## What to work on
The data below holds a line containing "Holly Jolly - Maywood" and a line containing "National Tree 2m"; please quote exactly those two lines and every line between them, and nothing else.

## Data section
----------

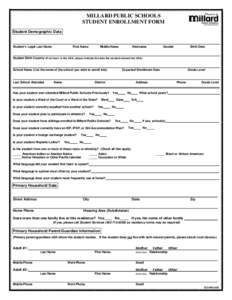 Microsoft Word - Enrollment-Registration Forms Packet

----------

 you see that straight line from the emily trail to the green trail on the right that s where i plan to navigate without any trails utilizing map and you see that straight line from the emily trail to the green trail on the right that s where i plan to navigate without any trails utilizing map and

----------

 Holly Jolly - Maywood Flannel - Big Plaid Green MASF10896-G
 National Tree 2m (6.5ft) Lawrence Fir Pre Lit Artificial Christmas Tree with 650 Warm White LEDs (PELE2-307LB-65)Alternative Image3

----------

## Response to the task
 Holly Jolly - Maywood Flannel - Big Plaid Green MASF10896-G
 National Tree 2m (6.5ft) Lawrence Fir Pre Lit Artificial Christmas Tree with 650 Warm White LEDs (PELE2-307LB-65)Alternative Image3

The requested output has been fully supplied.